* WHAT IS NEEDED:
Make an exact copy of the entries below, with all images left out.

[Web page caption snippets]
══════════════════════════════

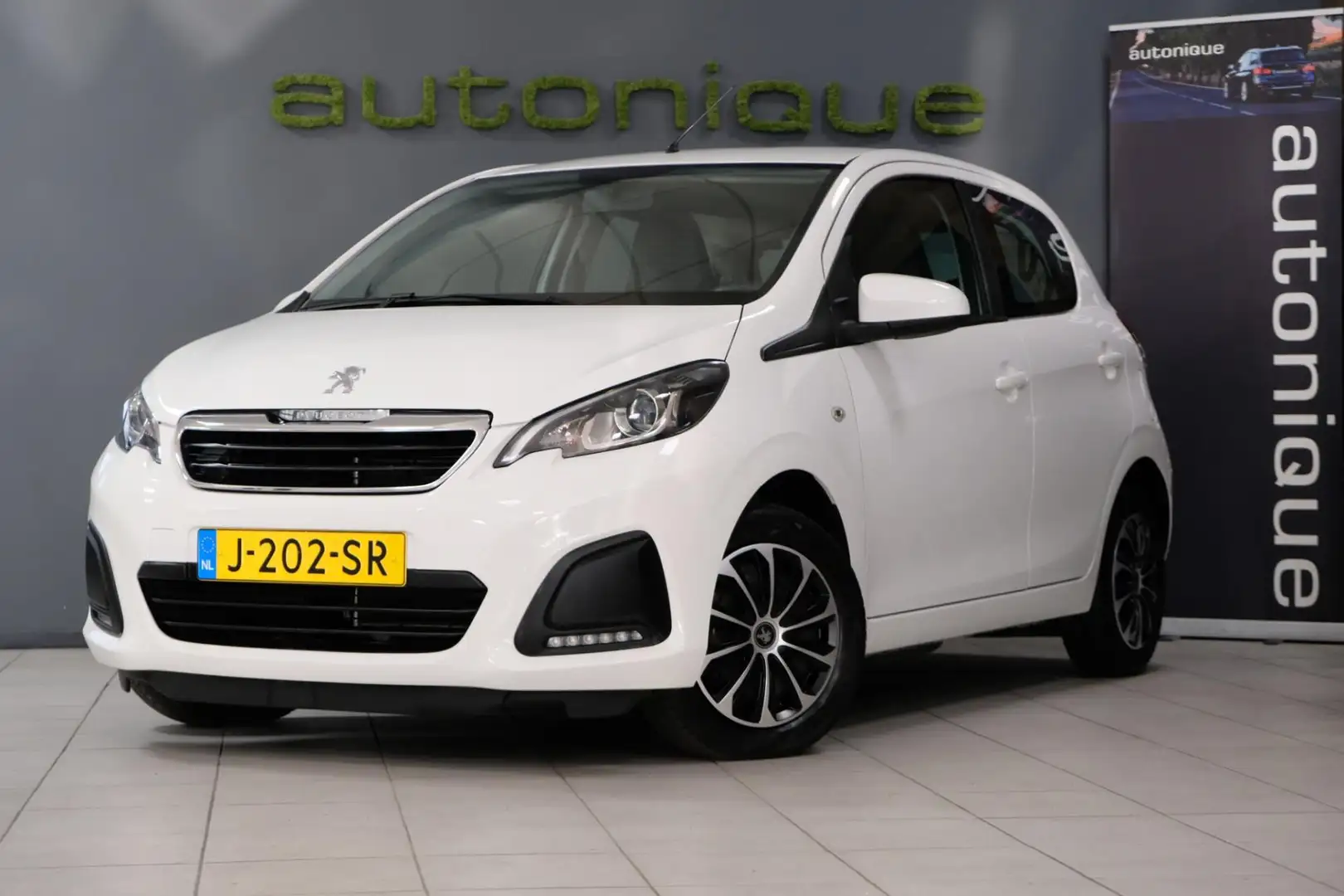 Peugeot 108 1.0 e-VTi Active airco/Bluetooth/btw Weiß - 1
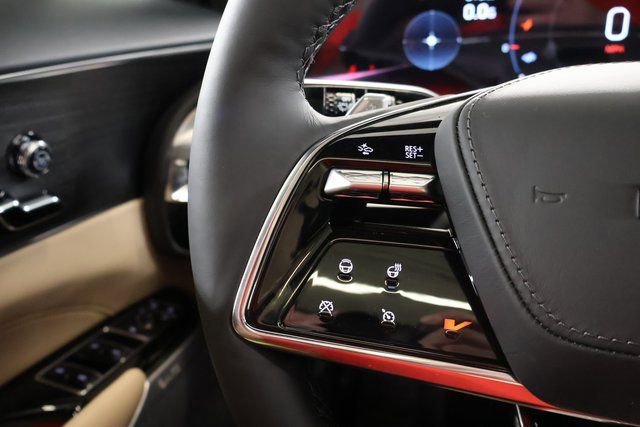 New 2026 Cadillac Lyriq V image 17
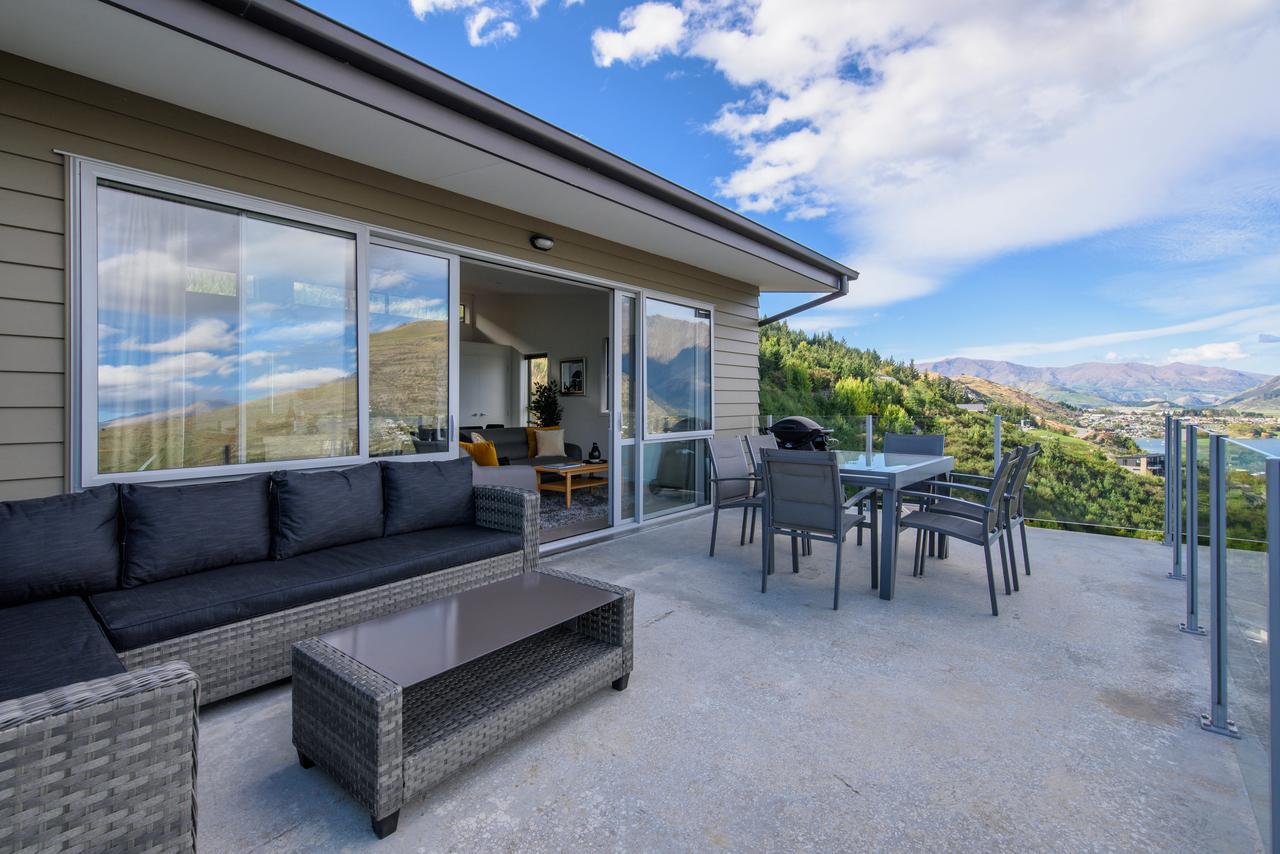 Contemporary Hilltop Abode Queenstown Exteriör bild
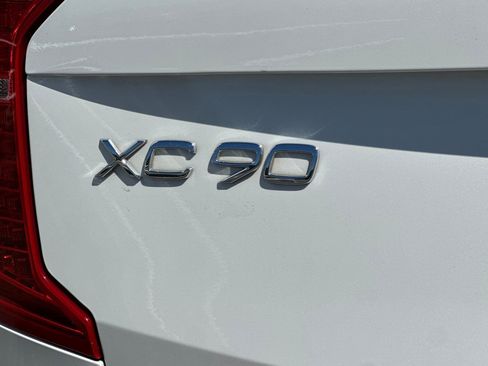 Used 2023 Volvo XC90 T8 Ultimate w/ Protection Package Premier image 12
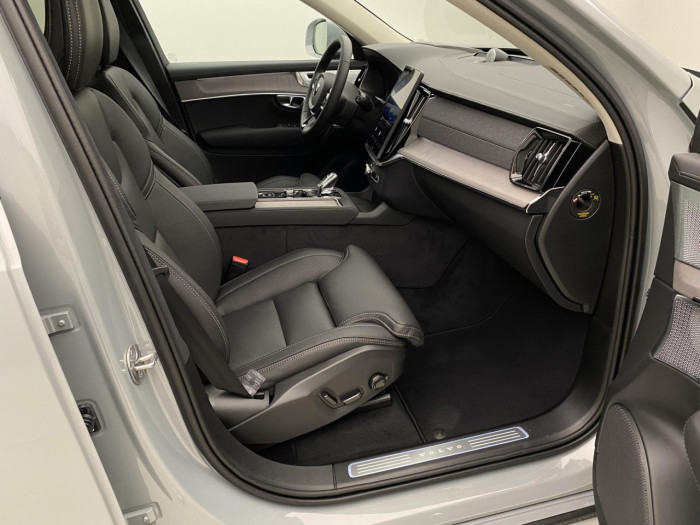 Volvo XC90 T8 AWD Plug-in BRIGHT ULTRA na operativní leasing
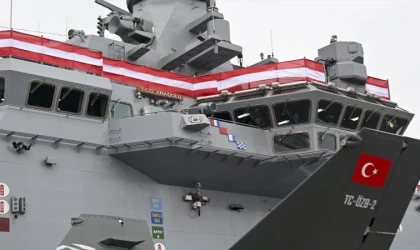 Dünyanın ilk SİHA gemisi TCG Anadolu hizmete girdi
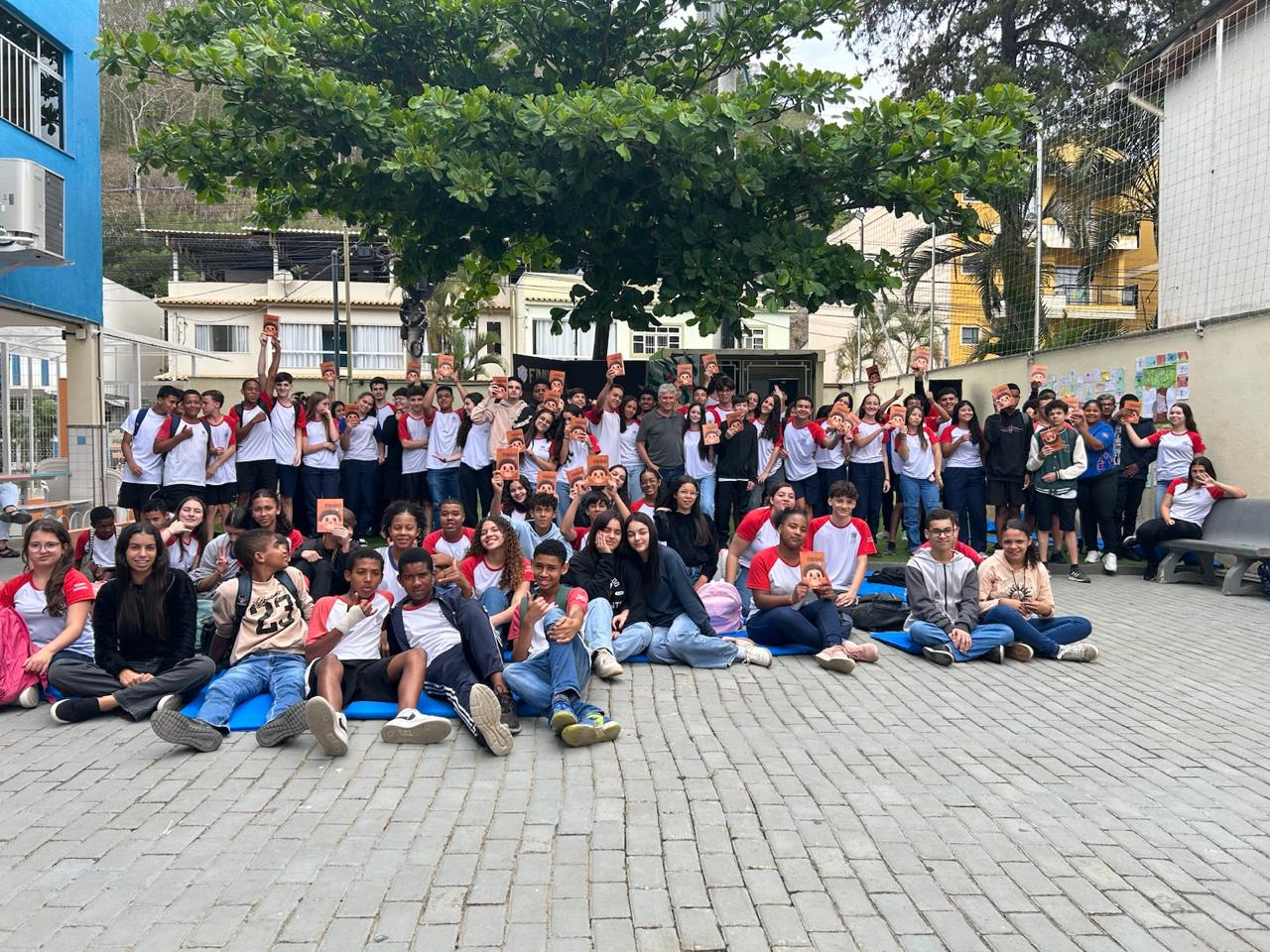Encontro literário com autor capixaba Edmar Zorzal inspira estudantes em Conceição do Castelo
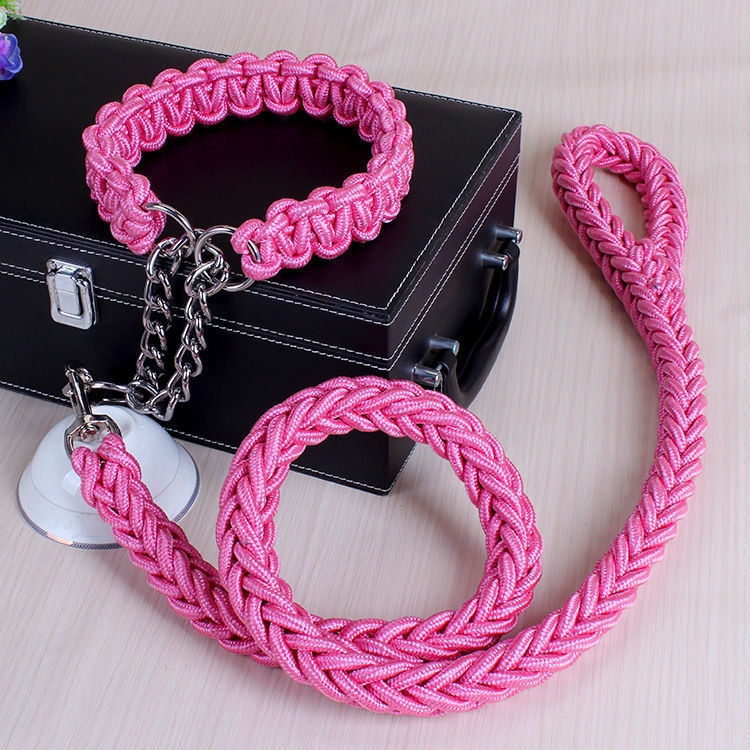 HKM-229011 Durable Nylon Dog Leash with P-Chain for Medium to Large Breeds - Soft Fabric, Two-Color Design, 130CM Length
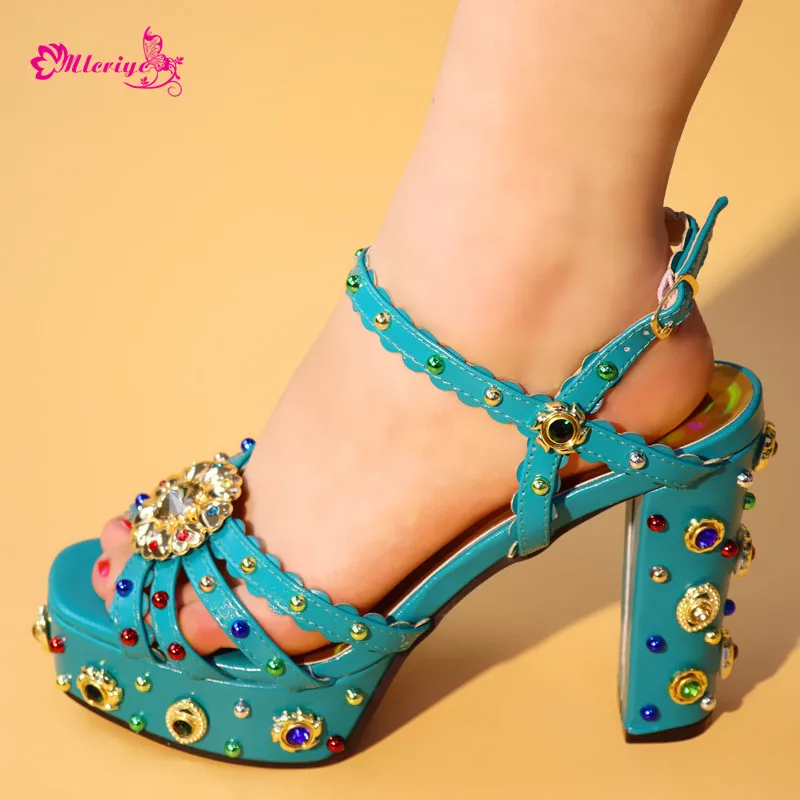 

Latest Green Women Slipper Elegant African Women Pumps Shoe for Party High Quality Italian Women Party Shoe Decorated with Stone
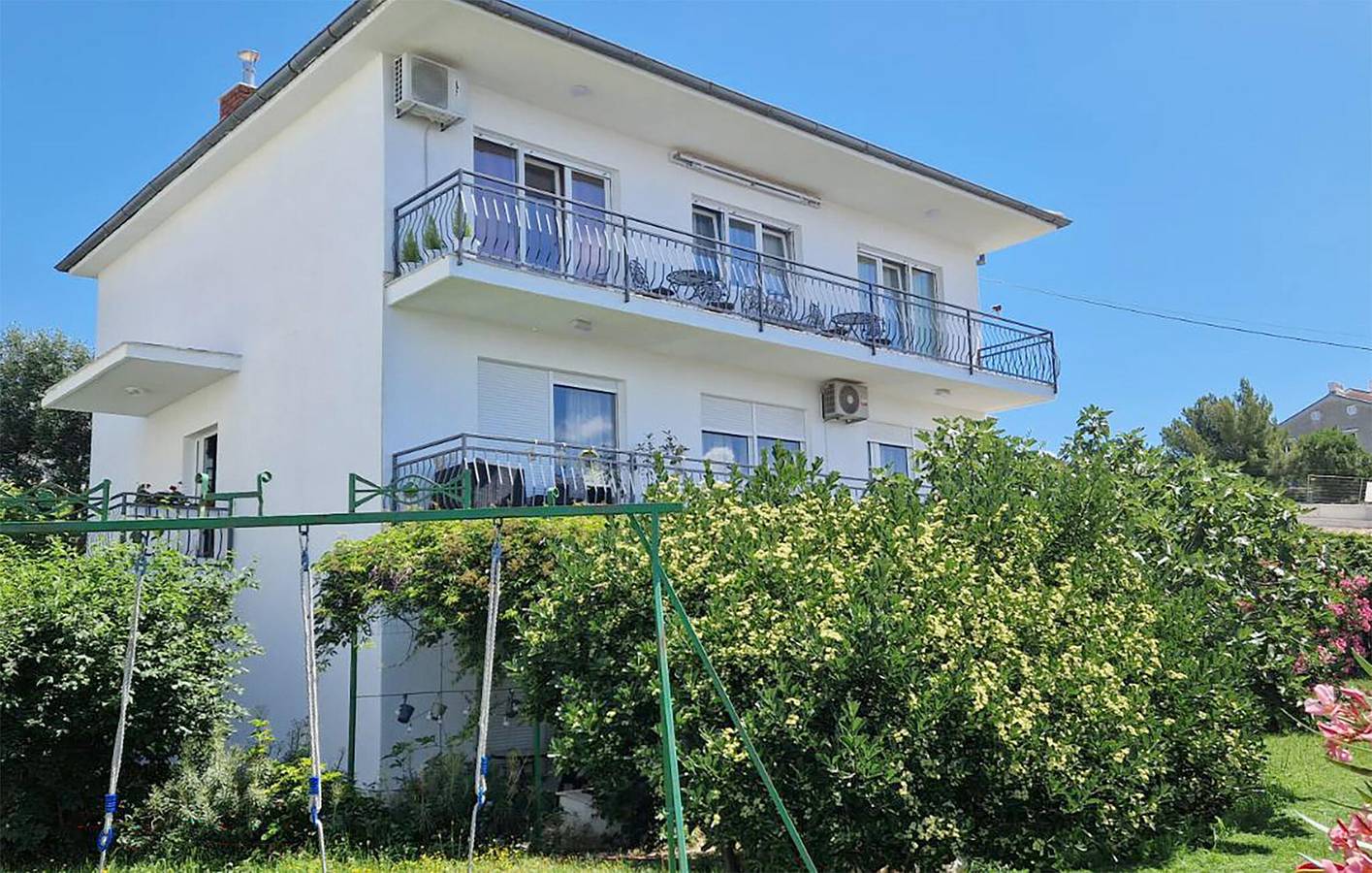 Ganze Ferienwohnung, Gemütlich, 2 km vom Strand entfernt: WLAN, Klimaanlage, Parkplatz und Terrasse! in Novi Vinodolski, Primorje-Gorski Kotar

══════════════════════════════

* ANSWER TO THIS PROBLEM:
 Peugeot 108 1.0 e-VTi Active airco/Bluetooth/btw Weiß - 1
 New 2026 Cadillac Lyriq V image 17
 Contemporary Hilltop Abode Queenstown Exteriör bild
 Used 2023 Volvo XC90 T8 Ultimate w/ Protection Package Premier image 12
 Volvo XC90 T8 AWD Plug-in BRIGHT ULTRA na operativní leasing
 Dünyanın ilk SİHA gemisi TCG Anadolu hizmete girdi
Encontro literário com autor capixaba Edmar Zorzal inspira estudantes em Conceição do Castelo
 HKM-229011 Durable Nylon Dog Leash with P-Chain for Medium to Large Breeds - Soft Fabric, Two-Color Design, 130CM Length

Latest Green Women Slipper Elegant African Women Pumps Shoe for Party High Quality Italian Women Party Shoe Decorated with Stone
 Ganze Ferienwohnung, Gemütlich, 2 km vom Strand entfernt: WLAN, Klimaanlage, Parkplatz und Terrasse! in Novi Vinodolski, Primorje-Gorski Kotar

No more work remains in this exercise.